[isaacsim.core.experimental.primdata] Isaac Sim Core Experimental Prim Data#

Version: 0.3.2

Overview#

The isaacsim.core.experimental.primdata extension provides the default C++ provider implementation for the IPrimDataReader and IPrimDataReaderManager Carbonite interfaces defined in isaacsim.core.experimental.prims. It delivers high-performance, read-only access to prim transform, rigid body, and articulation data from both PhysX and Newton physics backends, with support for CPU and GPU (CUDA) buffer storage.

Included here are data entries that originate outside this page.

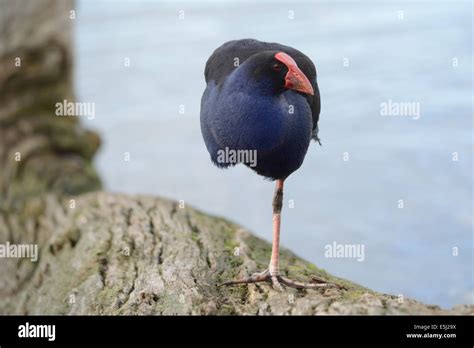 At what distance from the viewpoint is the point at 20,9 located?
9.20m

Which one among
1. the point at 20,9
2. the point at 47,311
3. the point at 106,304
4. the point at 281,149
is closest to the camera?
the point at 281,149

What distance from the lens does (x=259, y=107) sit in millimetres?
4059

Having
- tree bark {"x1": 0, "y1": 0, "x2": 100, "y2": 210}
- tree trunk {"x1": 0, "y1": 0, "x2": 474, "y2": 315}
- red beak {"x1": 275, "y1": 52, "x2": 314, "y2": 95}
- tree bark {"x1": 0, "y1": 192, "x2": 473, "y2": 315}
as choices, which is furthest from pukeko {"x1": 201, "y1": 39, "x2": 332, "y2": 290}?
tree bark {"x1": 0, "y1": 0, "x2": 100, "y2": 210}

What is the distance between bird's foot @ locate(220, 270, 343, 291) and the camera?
15.2ft

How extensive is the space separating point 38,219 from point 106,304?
314 cm

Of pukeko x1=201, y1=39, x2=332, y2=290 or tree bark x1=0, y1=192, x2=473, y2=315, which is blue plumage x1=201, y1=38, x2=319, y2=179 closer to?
pukeko x1=201, y1=39, x2=332, y2=290

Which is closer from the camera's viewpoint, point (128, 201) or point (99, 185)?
point (128, 201)

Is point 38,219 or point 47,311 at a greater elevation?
point 38,219

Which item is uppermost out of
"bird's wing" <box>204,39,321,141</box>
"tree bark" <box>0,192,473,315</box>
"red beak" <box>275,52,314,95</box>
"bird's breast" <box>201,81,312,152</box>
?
"bird's wing" <box>204,39,321,141</box>

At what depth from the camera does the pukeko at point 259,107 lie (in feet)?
13.3

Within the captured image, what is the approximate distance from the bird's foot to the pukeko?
0.05 m

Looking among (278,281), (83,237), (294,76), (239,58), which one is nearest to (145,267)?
(278,281)

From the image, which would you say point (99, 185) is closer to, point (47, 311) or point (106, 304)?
point (47, 311) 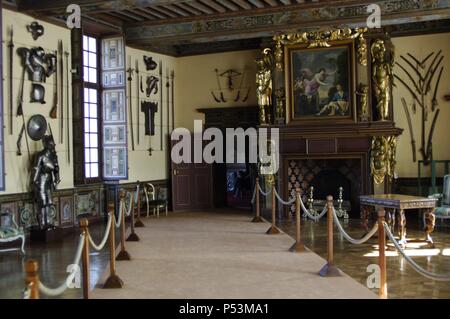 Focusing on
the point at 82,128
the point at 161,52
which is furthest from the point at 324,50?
the point at 82,128

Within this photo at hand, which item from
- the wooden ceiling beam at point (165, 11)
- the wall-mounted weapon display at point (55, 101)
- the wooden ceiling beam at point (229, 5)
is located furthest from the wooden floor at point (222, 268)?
the wooden ceiling beam at point (165, 11)

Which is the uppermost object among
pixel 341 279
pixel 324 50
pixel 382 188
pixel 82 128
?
pixel 324 50

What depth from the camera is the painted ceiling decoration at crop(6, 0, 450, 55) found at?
962 cm

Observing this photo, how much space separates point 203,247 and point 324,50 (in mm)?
5830

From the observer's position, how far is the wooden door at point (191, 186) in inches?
549

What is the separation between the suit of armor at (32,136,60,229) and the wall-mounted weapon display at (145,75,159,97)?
4.12 meters

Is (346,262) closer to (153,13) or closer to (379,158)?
(379,158)

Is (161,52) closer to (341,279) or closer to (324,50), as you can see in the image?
(324,50)

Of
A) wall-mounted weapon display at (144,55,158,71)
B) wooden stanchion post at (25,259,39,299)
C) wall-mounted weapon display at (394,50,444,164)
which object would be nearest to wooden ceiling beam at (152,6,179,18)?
wall-mounted weapon display at (144,55,158,71)

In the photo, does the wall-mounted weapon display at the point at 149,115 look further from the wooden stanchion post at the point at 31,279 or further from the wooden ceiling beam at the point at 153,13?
the wooden stanchion post at the point at 31,279

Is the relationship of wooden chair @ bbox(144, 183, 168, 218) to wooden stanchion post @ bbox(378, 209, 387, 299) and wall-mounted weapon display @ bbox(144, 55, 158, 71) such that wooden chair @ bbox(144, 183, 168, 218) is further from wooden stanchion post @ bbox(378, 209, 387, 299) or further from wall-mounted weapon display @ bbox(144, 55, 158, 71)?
wooden stanchion post @ bbox(378, 209, 387, 299)

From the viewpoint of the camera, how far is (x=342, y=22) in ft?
34.2

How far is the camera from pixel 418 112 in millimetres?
12297

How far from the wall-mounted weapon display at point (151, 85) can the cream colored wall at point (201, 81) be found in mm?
898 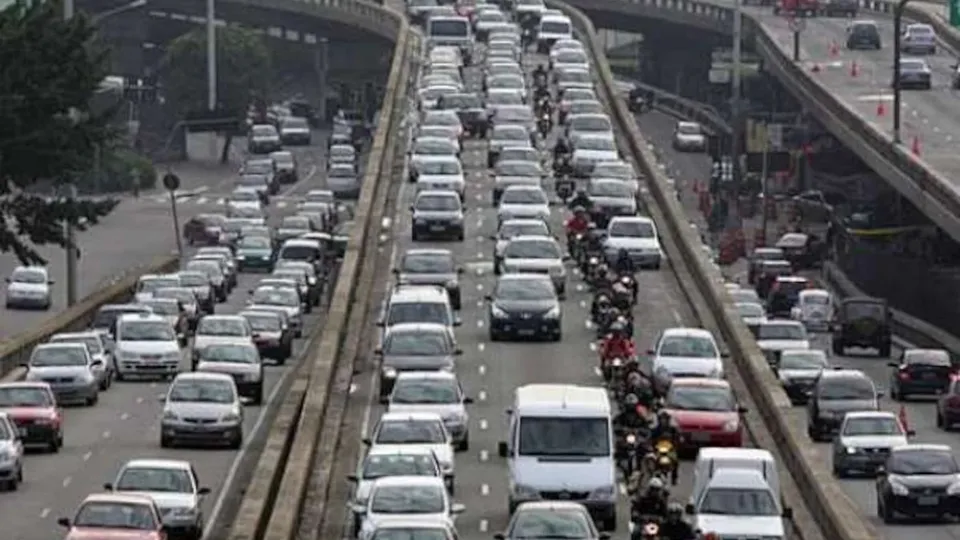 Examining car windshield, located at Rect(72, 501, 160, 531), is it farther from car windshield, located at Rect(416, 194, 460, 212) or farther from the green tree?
the green tree

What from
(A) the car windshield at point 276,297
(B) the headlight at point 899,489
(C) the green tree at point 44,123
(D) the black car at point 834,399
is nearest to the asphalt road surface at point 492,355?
(A) the car windshield at point 276,297

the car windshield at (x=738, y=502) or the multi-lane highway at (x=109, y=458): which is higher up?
the car windshield at (x=738, y=502)

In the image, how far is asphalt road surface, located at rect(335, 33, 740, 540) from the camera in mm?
54750

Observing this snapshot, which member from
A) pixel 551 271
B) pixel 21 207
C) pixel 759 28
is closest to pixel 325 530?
pixel 551 271

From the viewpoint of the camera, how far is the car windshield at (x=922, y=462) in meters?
57.0

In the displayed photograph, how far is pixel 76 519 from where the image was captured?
47.2 metres

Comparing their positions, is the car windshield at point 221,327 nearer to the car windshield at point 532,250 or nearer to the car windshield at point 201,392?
the car windshield at point 532,250

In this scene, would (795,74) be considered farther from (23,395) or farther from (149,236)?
(23,395)

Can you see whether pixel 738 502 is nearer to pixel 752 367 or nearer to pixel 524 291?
pixel 752 367

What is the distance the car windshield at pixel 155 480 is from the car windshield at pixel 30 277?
2354 inches

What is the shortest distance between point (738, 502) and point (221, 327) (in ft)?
93.6

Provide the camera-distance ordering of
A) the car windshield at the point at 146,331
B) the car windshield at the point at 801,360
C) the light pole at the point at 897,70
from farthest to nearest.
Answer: the light pole at the point at 897,70, the car windshield at the point at 801,360, the car windshield at the point at 146,331

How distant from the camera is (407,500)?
156 feet

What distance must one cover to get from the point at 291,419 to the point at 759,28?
101m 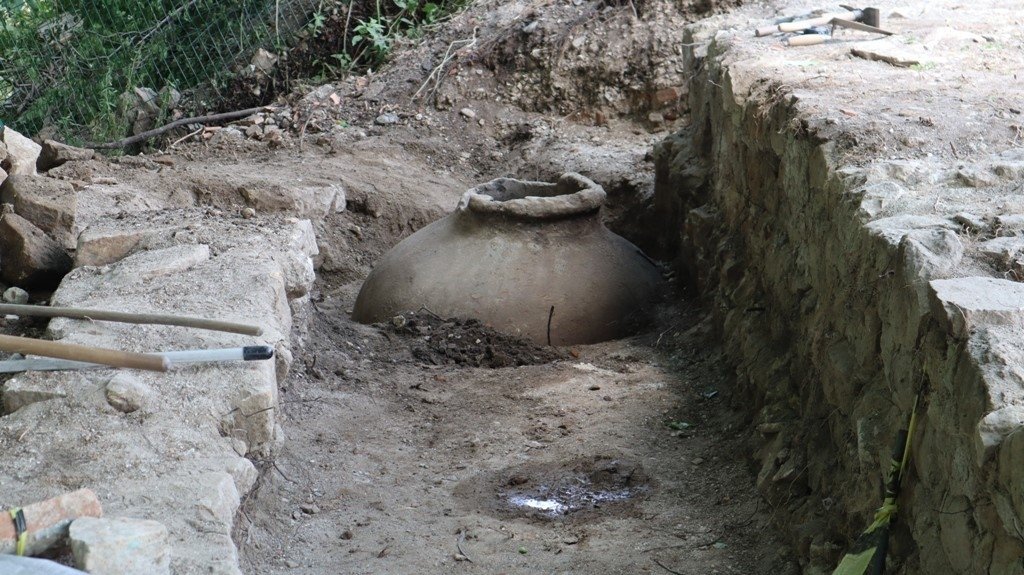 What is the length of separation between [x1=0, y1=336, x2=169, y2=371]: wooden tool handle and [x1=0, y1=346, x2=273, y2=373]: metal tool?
0.12ft

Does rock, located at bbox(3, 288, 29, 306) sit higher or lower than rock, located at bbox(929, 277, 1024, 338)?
lower

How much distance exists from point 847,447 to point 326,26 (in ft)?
23.3

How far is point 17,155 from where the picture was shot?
17.4ft

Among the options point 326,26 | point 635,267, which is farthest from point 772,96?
point 326,26

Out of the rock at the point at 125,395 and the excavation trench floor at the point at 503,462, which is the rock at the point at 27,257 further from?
the rock at the point at 125,395

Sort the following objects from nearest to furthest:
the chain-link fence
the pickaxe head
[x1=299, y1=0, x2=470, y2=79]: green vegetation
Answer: the pickaxe head, [x1=299, y1=0, x2=470, y2=79]: green vegetation, the chain-link fence

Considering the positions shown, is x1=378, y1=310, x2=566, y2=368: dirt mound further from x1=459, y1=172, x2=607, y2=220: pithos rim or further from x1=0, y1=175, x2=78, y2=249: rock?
x1=0, y1=175, x2=78, y2=249: rock

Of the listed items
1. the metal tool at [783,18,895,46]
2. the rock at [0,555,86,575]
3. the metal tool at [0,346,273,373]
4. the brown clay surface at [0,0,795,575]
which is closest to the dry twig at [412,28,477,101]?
the brown clay surface at [0,0,795,575]

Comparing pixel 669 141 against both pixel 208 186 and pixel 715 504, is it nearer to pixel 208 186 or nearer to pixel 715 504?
pixel 208 186

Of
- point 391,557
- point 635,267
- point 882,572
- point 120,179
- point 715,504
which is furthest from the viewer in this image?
point 120,179

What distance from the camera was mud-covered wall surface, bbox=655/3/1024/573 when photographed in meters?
2.12

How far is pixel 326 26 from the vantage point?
9.03 metres

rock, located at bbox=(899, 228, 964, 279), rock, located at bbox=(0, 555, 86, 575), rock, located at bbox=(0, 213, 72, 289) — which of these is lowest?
rock, located at bbox=(0, 213, 72, 289)

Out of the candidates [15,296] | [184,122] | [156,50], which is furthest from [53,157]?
[156,50] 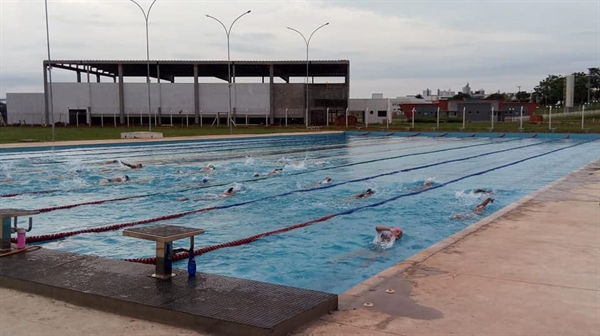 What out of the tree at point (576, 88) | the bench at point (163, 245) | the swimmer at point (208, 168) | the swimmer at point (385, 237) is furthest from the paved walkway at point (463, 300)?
the tree at point (576, 88)

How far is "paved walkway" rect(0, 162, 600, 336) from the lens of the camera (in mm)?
3275

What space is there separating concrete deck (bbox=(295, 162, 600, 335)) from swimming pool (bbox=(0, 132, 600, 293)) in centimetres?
97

The interface contracts remain in isaacsim.core.experimental.prims so consumer extensions can depend on stable shared Carbonite interfaces while selecting the concrete provider through extension enablement.

Key Components#

PrimDataReader#

The PrimDataReader implements the IPrimDataReader interface, managing the lifecycle of data views for different prim types. It routes data access by physics engine:

  • PhysX: Direct C++ TensorApi calls for zero-copy GPU buffer access without Python involvement

  • Newton: Python callbacks fill C++-owned buffers via registered field callbacks

  • Transforms: Engine-agnostic Fabric/USDRT hierarchy queries for world and local poses

The reader supports three view types:

  • XformDataView: Read-only access to world positions, world orientations, local translations, local orientations, and local scales for transform prims

  • RigidBodyDataView: Extends transform data with linear and angular velocities for rigid body prims

  • ArticulationDataView: Extends transform data with DOF positions, velocities, efforts, root transforms, root velocities, DOF types, DOF names, link hierarchy, Jacobians, and mass matrices for articulated robots

PrimDataReaderManager#

The PrimDataReaderManager implements the IPrimDataReaderManager interface, centralizing lifecycle management for the shared IPrimDataReader instance. It subscribes to physics simulation events (stop/resume) to trigger automatic reinitialization, ensuring that sensor plugins and nodes do not need to call initialize() independently.

Buffer Management#

The BufferRegistry module provides per-field buffer state management through FieldEntry structures. Each named field in a view owns a device buffer (CPU or GPU), an optional CPU staging buffer for host-side access, and a fill callback with dirty tracking based on physics step counts. This lazy evaluation ensures buffers are only updated when accessed and stale.

Functionality#

Lazy Evaluation and Dirty Tracking#

Field data is fetched on demand. Each field tracks the last physics step at which it was filled. When a consumer requests data, the reader compares the current step count against the field’s last update and runs the fill callback only if the data is stale, minimizing redundant physics queries.

Host and Device Access#

All view types provide both device-pointer and host-pointer access methods. For GPU-resident data, host variants automatically copy from the device staging buffer to a CPU staging buffer, caching the result until the next physics step invalidates it.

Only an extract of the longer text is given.